La gamme Diana est née du projet de proposer des casques légers, transportables et plus faciles à alimenter que le 1266. Résultat : Les Diana sont les planar-magnétiques les plus compacts au monde avec une faculté de communiquer le meilleur de la musique à partir d’un vaste panel d’amplificateurs et de lecteurs portables. Compact par la forme, le Diana Phi n’en demeure pas moins un casque de très haute volée qui intègre des drivers de 63mm de la génération Phi que l’on trouvait sur le 1266 il n’y a pas si longtemps. L’ADN ABYSS est intact : des basses impactantes, une capacité d’analyse bluffante et une scène sonore qui sont un véritable ravissement pour nos oreilles. La fabrication est somptueuse, faite d’aluminium recouvert de céramique, de cuir d’agneau Nappa, d’Alcantara et de carbone. C’est un casque au confort Pullman où que vous ayez envie d’écouter de la musique.
  • Impédance : 32 ohms
  • Sensibilité : 91 dB/mW
  • Bande passante : 6 Hz - 26 kHz
  • Chassis :  Aluminium ; Revêtement céramique
  • Finition chassis : Titanium ; Bronze foncé
  • Tige de réglage : Carbone
  • Pads : Cuir Nappa perforé ; Dernière génération (DMS)
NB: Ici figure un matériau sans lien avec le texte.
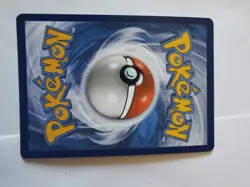 Pokemon Card TCG - Fezandipiti - Trick or Trade 2024 - 096/167 - Holo Rare 096/1 - Image 2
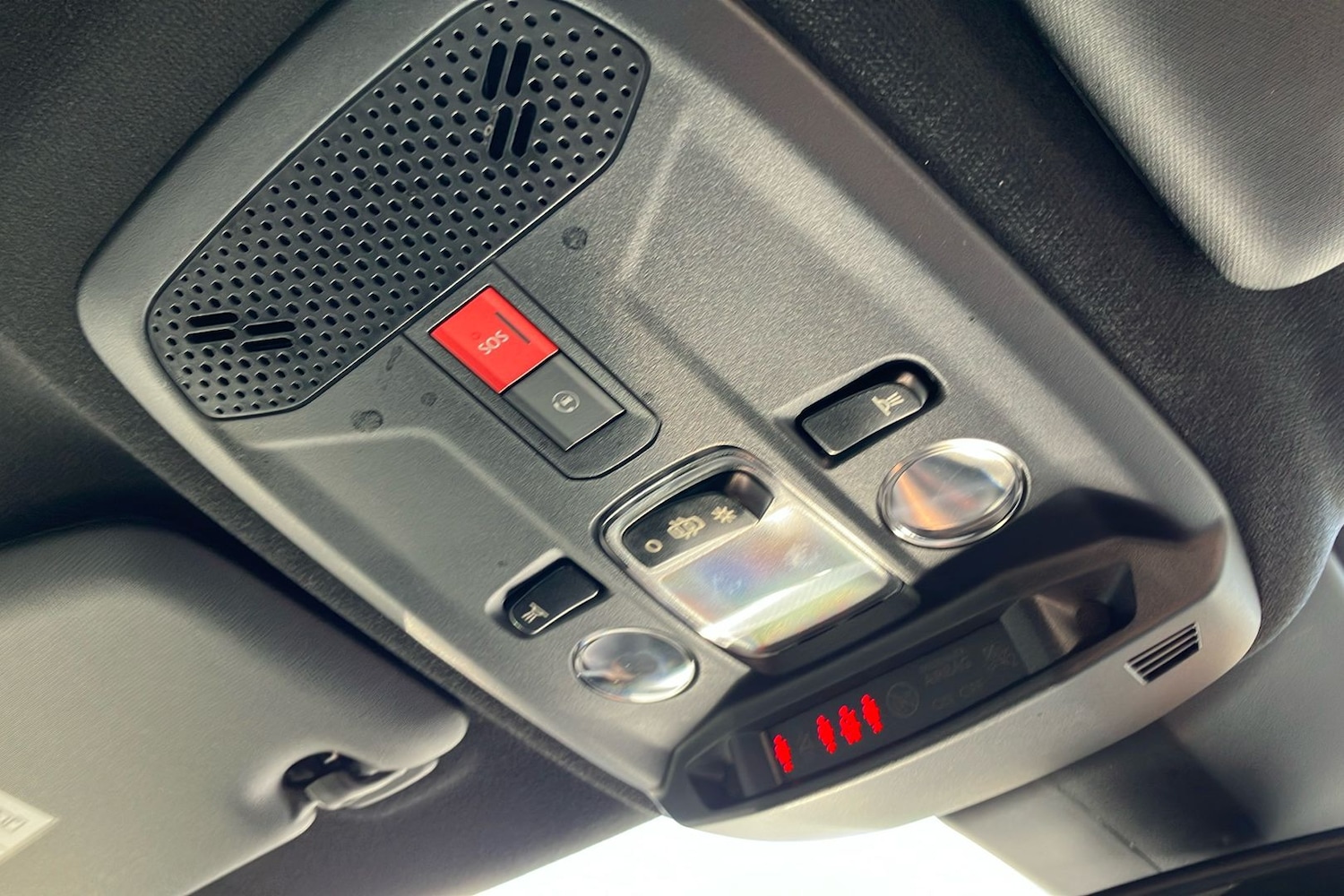 Used Vauxhall Mokka for sale - 78107202: Photo 31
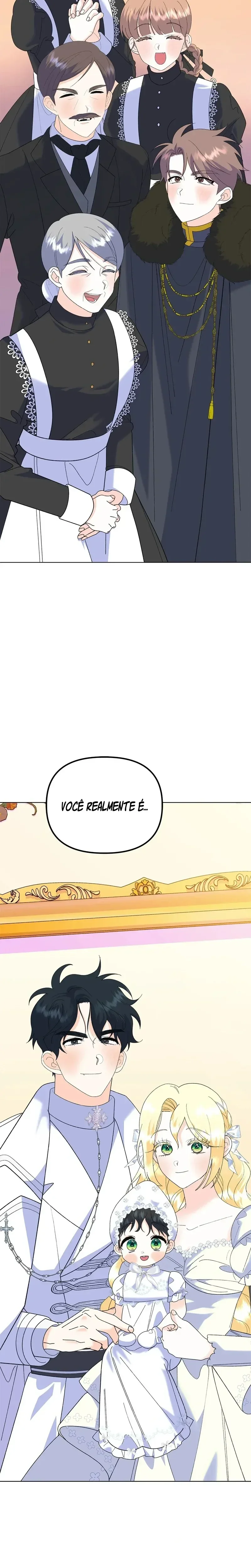 Eu me Casei com Duque Fera Capítulo 90 Página 48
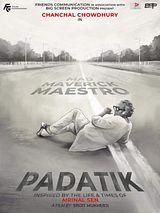 Affiche de Padatik, film à voir en streaming sur Pygargue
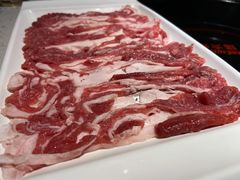 -京韵胡同·酱香羊蝎子火锅涮肉(长寿路店)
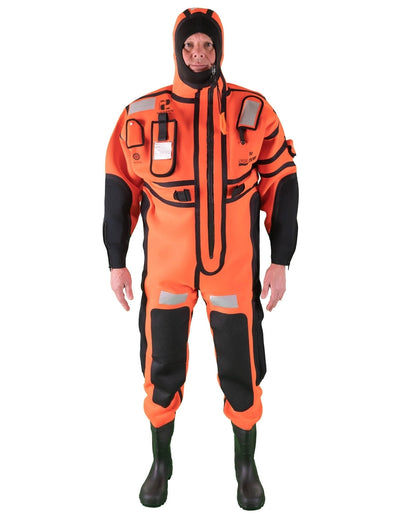 Traje de trabajo Hansen Protection SeaMob 82650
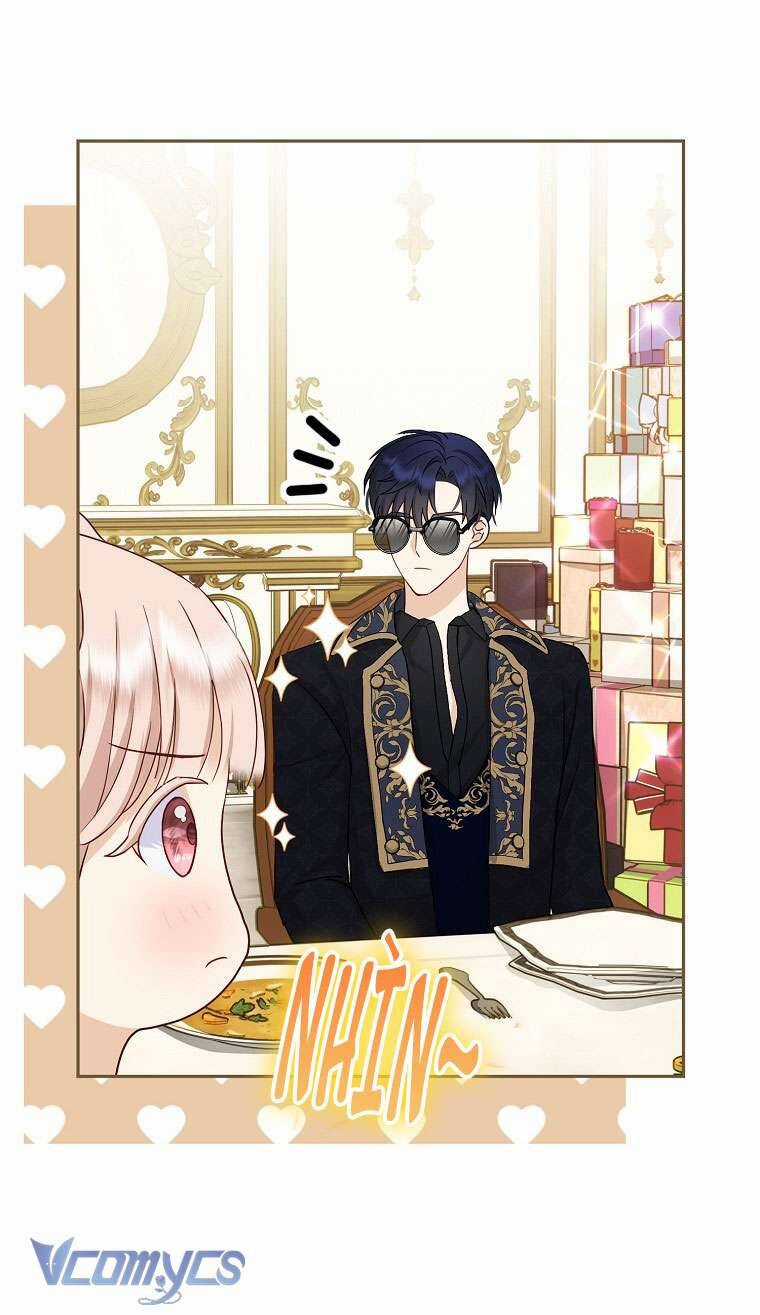 Nhân Vật Phản Diện Đều Thích Tôi Chapter 6 trang 37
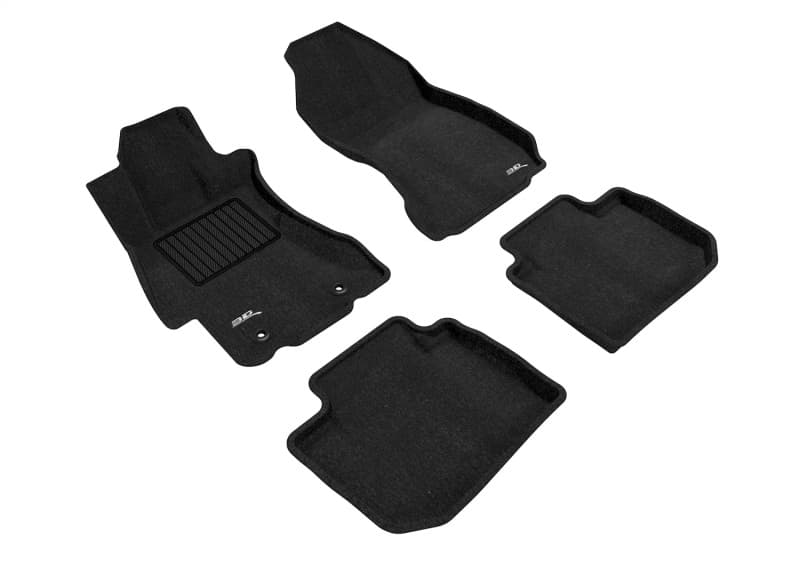 3D MAXpider ACE Elegant - Combo - Black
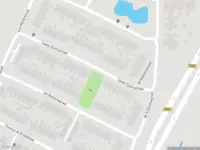 Brandweer met grote spoed naar de Rinze Werkhovenstraat in Franeker vanwege personen te water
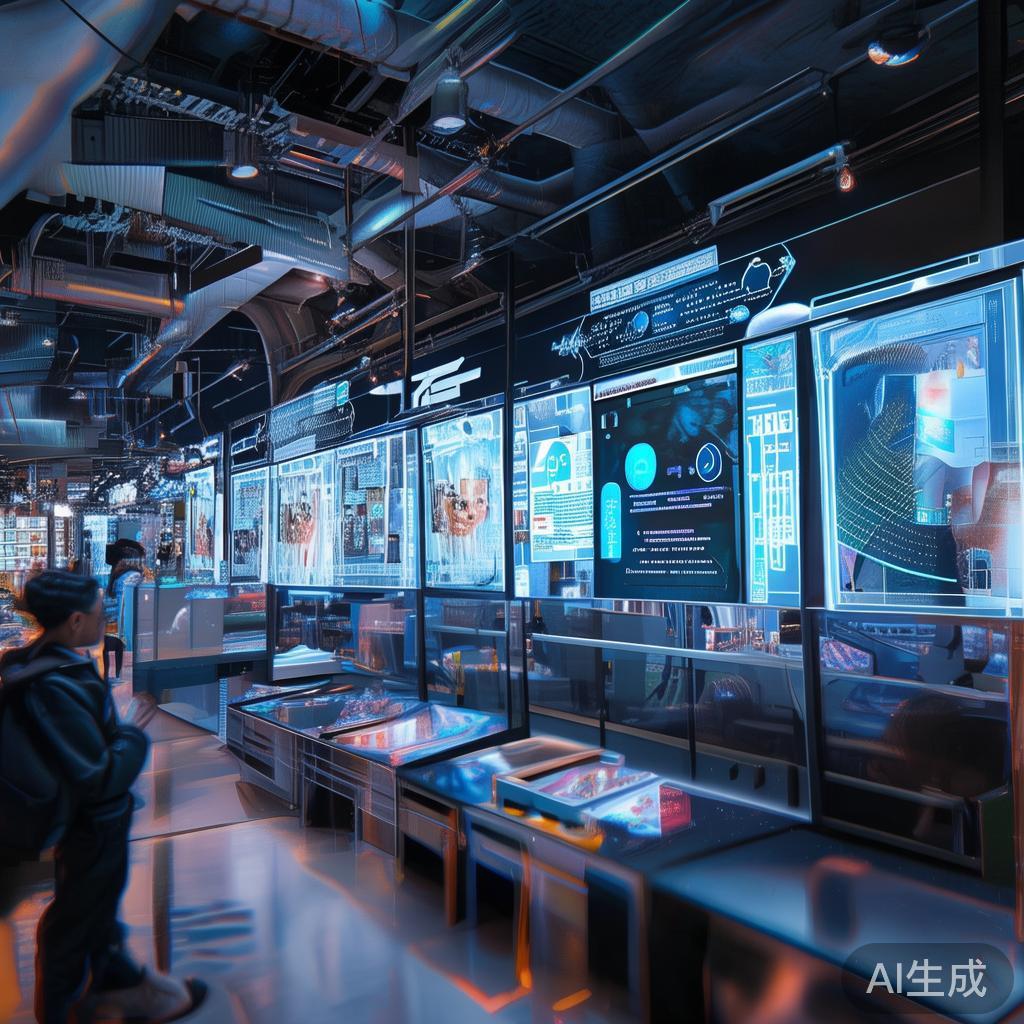云集数字专柜申请全攻略,从准备到成功入驻的每一步 - 快讯网 - 分享生活资讯热点话题综合门户网www.yibafushi.com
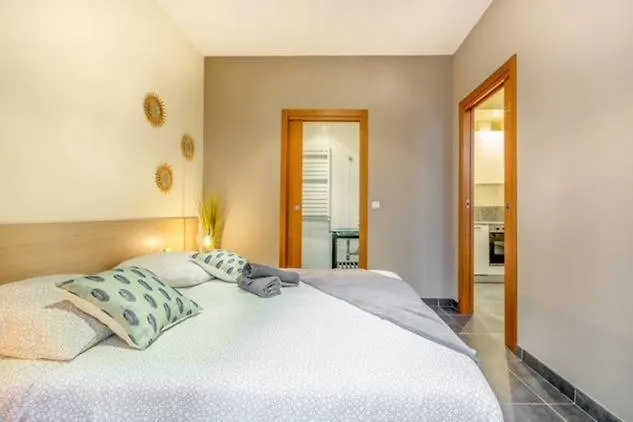 Suite Notre Dame - Appartements Cannes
  • Câble : 1,5m avec terminaison XLR4 6,35mm 3,5mm ou Pentaconn au choix
  • Poids : 350 gr hors câble
Dans un format compact, le Diana Phi accomplit le tour de force de reproduire les fondamentaux que l’on aime tant chez le 1266. La filiation est évidente. À bien des égards, le Diana Phi est un « baby 1266 ». Les drivers Phi sont doués d’une vélocité remarquable et remuent beaucoup d’air pour une restitution profonde, impactante et contrôlée des (très) bas médiums. Sur un tel format, et dans l'absolu, c'est très impressionnant. Les aigus sont filés mais sans acidité alors qu’à l’époque où les drivers Phi équipaient le 1266, ils se montraient parfois crispants. Les médiums sont magnifiques, plus présents que sur le 1266 mais parfois, un tout petit peu en retrait des deux extrémités de la bande passante sur des morceaux pop qui envoient leur "Wall of Sound". Mais cela n'est en rien pénalisant ou une erreur, loin de là. Le Diana Phi est typique de la philosophie d'Abyss : Il révèle une foule de détails. Sa capacité de résolution est réellement bluffante, sans considération de son format. En matière de spatialisation, la scène sonore est plus rapprochée de notre position d’écoute qu'avec le 1266. Nous le devons à un arceau fixe chez le Diana alors que le 1266 permet d’écarter et d’angler les pads à volonté, mais les nouveaux pads DMS du Diana font un excellent travail et la musique s’épanouit bien au delà des oreilles et devant nous dans un large demi-cercle. Bref, nous adorons cette interprétation du Diana Phi faite de réalisme et de vivacité, comme en Live, qui fait le charme incomparable du grand frère 1266.